И это поистине чудо, что, несмотря на эту жесткую реальность, все еще существует такая дорогая и громоздкая форма зрелища, как опера. Вы только представьте, что для ее постановки необходим полный симфонический оркестр с выдающимся дирижером, искусно выполненные дорогие декорации и костюмы, нередко нужна и балетная труппа, не говоря уже об отлично срепетированном хоре и множестве солистов с великолепными голосами и необыкновенно широким диапазоном пения, которые потратили многие годы на совершенствование своего вокального аппарата.

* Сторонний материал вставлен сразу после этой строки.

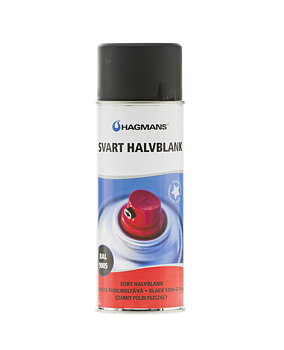 Hagmans Sprayfärg Halvblank Svart RAL 9005 400 ML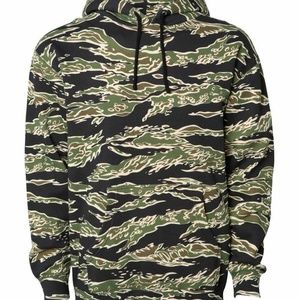 QUALITY BRAND NEW TIGER STRIPE CAMO HOODIE SIZE L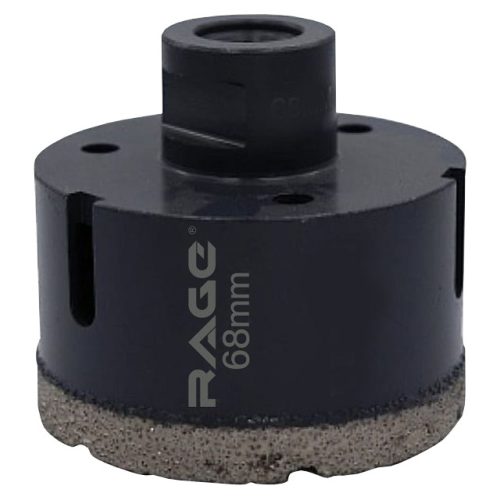 коронка алмазная для УШМ по керамике RAGE by VIRA 68мм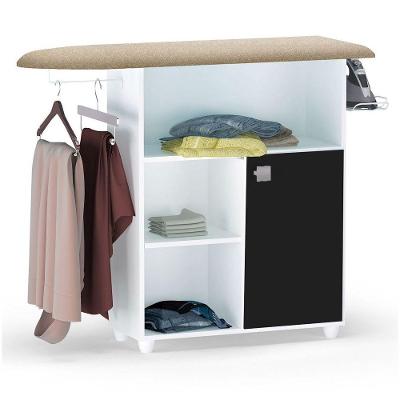 Tábua de Passar Roupa 01 Porta Mariana Branco Preto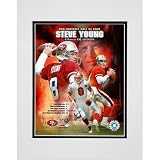 Photo File San Francisco 49ers Steve Young Class of 2005 Hall of Fame Matted Photo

Добавьте к этому огромные расходы, связанные с постановкой спектакля, и сложность его подготовки. К тому же самые знаменитые оперы живут уже десятки, даже сотни лет — и, значит, далеки от реальных интересов наших современников.
Сопоставьте все это с выступлением какого-нибудь одного певца в стиле «рок» под микрофон, с несколькими инструменталистами, удерживающими целый вечер внимание публики, которой собирается в пять раз больше, нежели может вместить самый крупный оперный театр. Так стоит ли тратить столько сил и средств на постановку опер Верди и Пуччини?
Мне чрезвычайно повезло — я получаю самые высокие гонорары, какие только платят в оперном мире. Не все театры могут позволить себе такие расходы, а мне пришлось бы разорваться на пять частей, чтобы удовлетворить все серьезные предложения, какие получаю. Кто-то сказал мне, что только в Соединенных Штатах существует более полутора тысяч театров, ставящих оперные спектакли. Некоторые из них находятся, скажем так, на любительском уровне, но на многих сценах показывают вполне достойные постановки с полным оркестром и профессиональными певцами. Явление поразительное!
Опера как вид искусства переживает в наши дни беспрецедентный в своей истории расцвет: не только по количеству спектаклей и их уровню, но и по неизменному росту посещаемости. Сейчас в музыкальных театрах встретите немало молодежи, особенно в Америке.
Конечно, опера давно перестала быть достоянием исключительно богатых людей, элиты. В Соединенных Штатах уже многие годы работает радиостанция, которая каждую субботу днем передает на всю страну оперы на высочайшем исполнительском уровне. А теперь ведутся и телевизионные трансляции из Метрополитен и других крупных музыкальных театров, приобщающие к опере все новую и новую аудиторию. И я с радостью участвую в этом процессе, имеющем поистине историческое значение.
И все же, несмотря на все возрастающий интерес и требовательность публики, я знаю: лишь небольшая часть населения любит оперу, наверное, процентов десять, а может, и меньше. Скорее всего, именно потому, что будущее оперы в опасности или до недавнего времени находилось в опасности, ее поклонники так преданы ей, а люди, работающие над музыкальным спектаклем, постоянно трудятся с полной отдачей.